In April, 1973, seven months after the parties executed the note and deed, and from then until the end of January, 1975, a new concept and a new terminology in the banking community came into existence with the creation of a "dual rate" or "two-tier" prime rate, by reason of the creation of a new rate, called the "small business prime rate." This small business rate, a lower interest rate, under the criteria issued in April, 1973, by the committee on interest and dividends of the federal pay board, was available to the small borrower. A small borrower was defined as one who borrowed less than $350,000 and who had assets of $1,000,000 or less. In the present case, the*401 defendant, Highland Park, Inc., borrowed $2,000,000, plus interest, and the value of the defendant's assets exceeded $1,000,000. Under the criteria established by the committee on interest and dividends of the federal pay board, Highland Park, Inc., would not have been considered a small borrower and, therefore, would not have been entitled to the small business rate.

After the creation of the "small business prime rate," what had previously been referred to simply as the "prime rate" was designated the "large business prime rate." The plaintiff borrowed exclusively on the basis of the "large business prime rate" and charged its borrowers on the same basis. From September, 1973, until February, 1975, interest payments were billed based upon the large business prime rate plus 3 percent. During that period of time, this prime rate fluctuated between 9 percent and 12 percent.
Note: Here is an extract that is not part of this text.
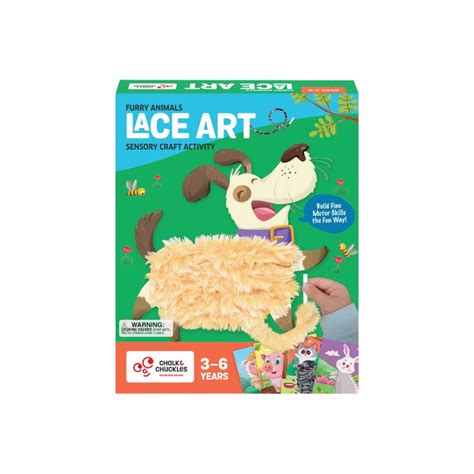Buy Chalk And Chuckles Lace Art Furry Animals Craft Kit for Kids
The mortgage deed contained a clause incorporating the note. The note provided that any default under the mortgage deed was a default under the note. The deed similarly provided that any default under the note was a default under the mortgage.

The defendants, Leonard Intelisano, Jr., and Clare Intelisano, together with Paul and Marion Casavina, in a separate instrument, executed a guarantee to the plaintiff unconditionally, jointly and severally, for the prompt payment of any and all sums due or to become due under the promissory note and further guaranteed the due performance of all the obligations of the defendant, Highland Park, Inc., and its covenants and agreements contained in either the mortgage note or the mortgage deed.
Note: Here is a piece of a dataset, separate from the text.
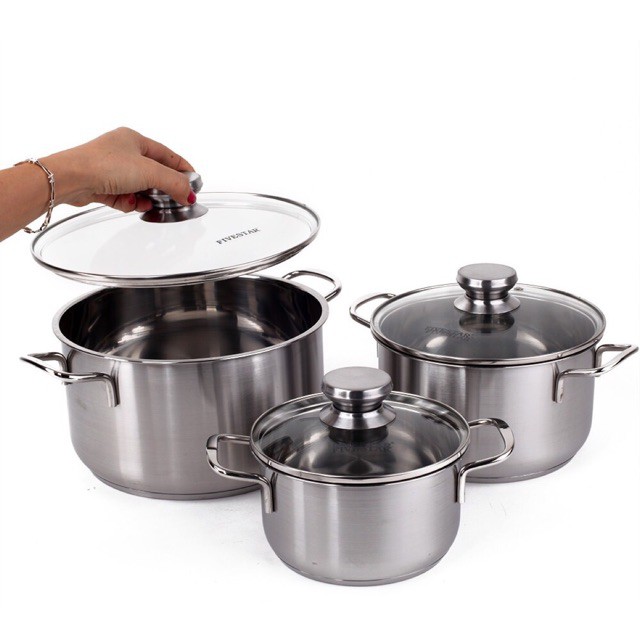 Bộ nồi inox 𝓢𝓱𝓸𝓹 𝓣𝓲𝓮̣̂𝓷 𝓘́𝓬𝓱 Bộ ba nồi 3 inox five star  16-20-24cm dùng được bếp từ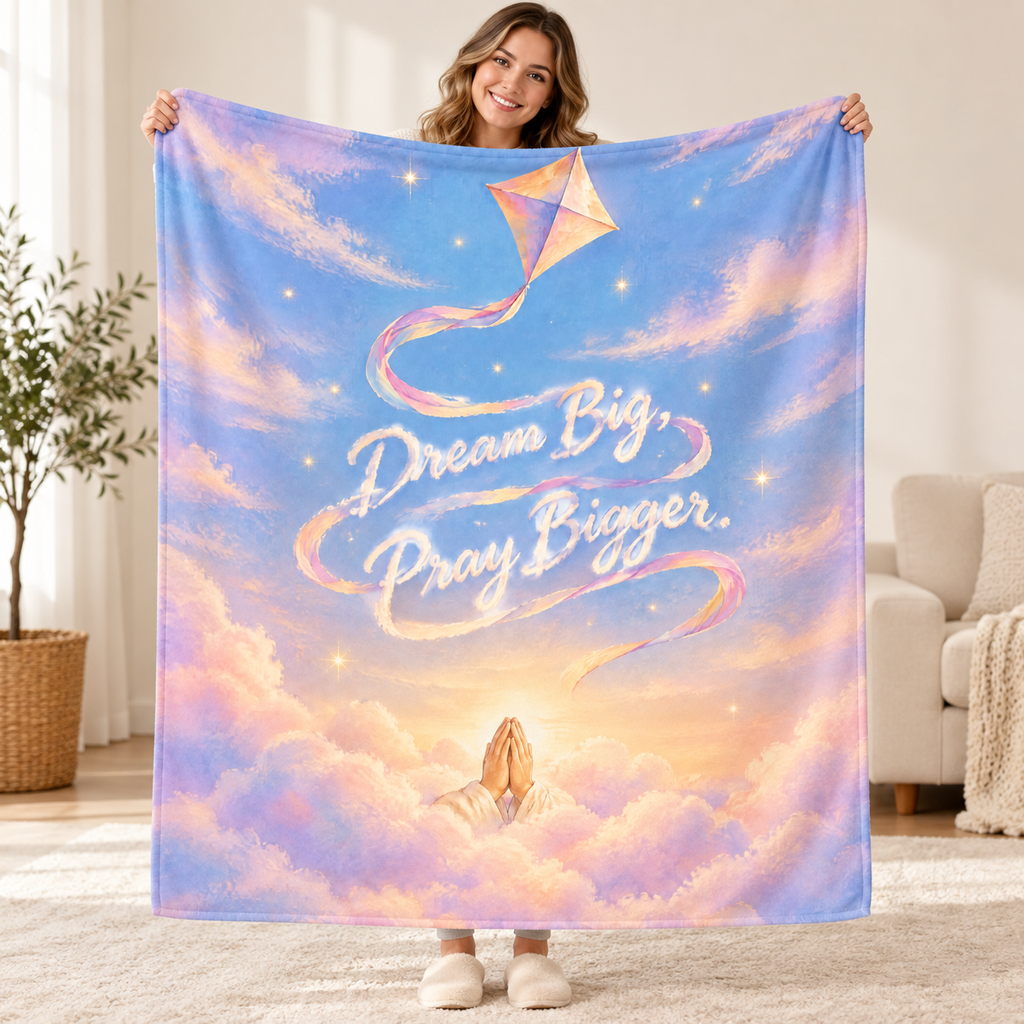 Dream Big, Pray Bigger. blanket, held open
*402 From September 14, 1972, to May 31, 1973, the plaintiff advanced a total of $1,900,456. Interest on the unpaid principal balance was billed on a monthly basis, as of the first day of each month. Payments of interest were made on time until July 1, 1973. After that, in the latter part of 1973, the defendant, Leonard Intelisano, Jr., requested that $100,000, which had not been disbursed, be applied to cover interest on the loan. This request, however, was refused.
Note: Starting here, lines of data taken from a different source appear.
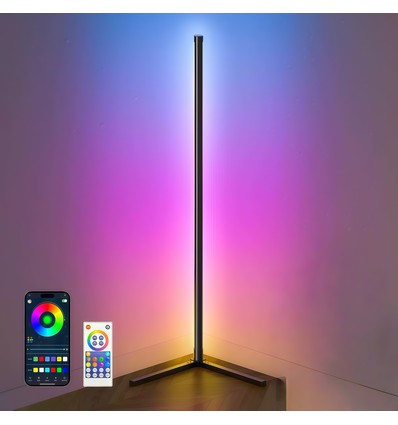 120cm RGBIC hörnlampa - Svart, Wifi app-styrning och fjärrkontroll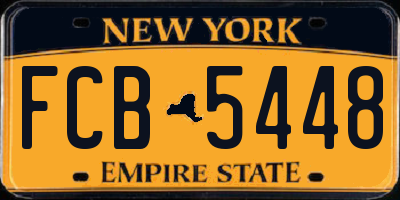 NY license plate FCB5448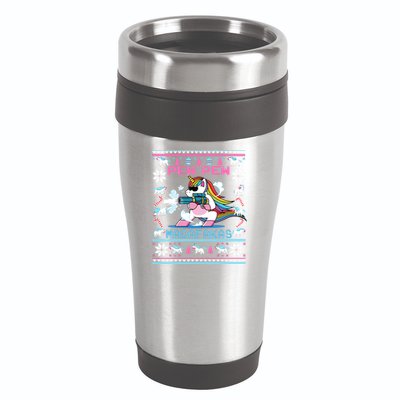 Unicorn Pew Pew Madafakas Ugly Christmas Sweater 16oz Travel Tumbler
On October 11, 1973, with the August and September interest payments overdue by two months and one month, respectively, David Savage, the plaintiff's executive vice president, talked with the defendants, Leonard Intelisano, Jr., and Clare Intelisano, requesting that the defendants pay the interest for August immediately and the interest for September within thirty days. Savage promised the defendants, Leonard Intelisano, Jr., and Clare Intelisano, that if the August and September payments were made he would not commence foreclosure proceedings until the end of December, 1973. Savage wanted the interest for August and September paid and the defendant corporation to pay off the mortgage by refinancing the debt. Refinancing was Savage's ultimate goal, and the interest payments were conditions for the defendants to gain time for refinancing. The plaintiff was not interested in drawing out the process of payment on the existing loan.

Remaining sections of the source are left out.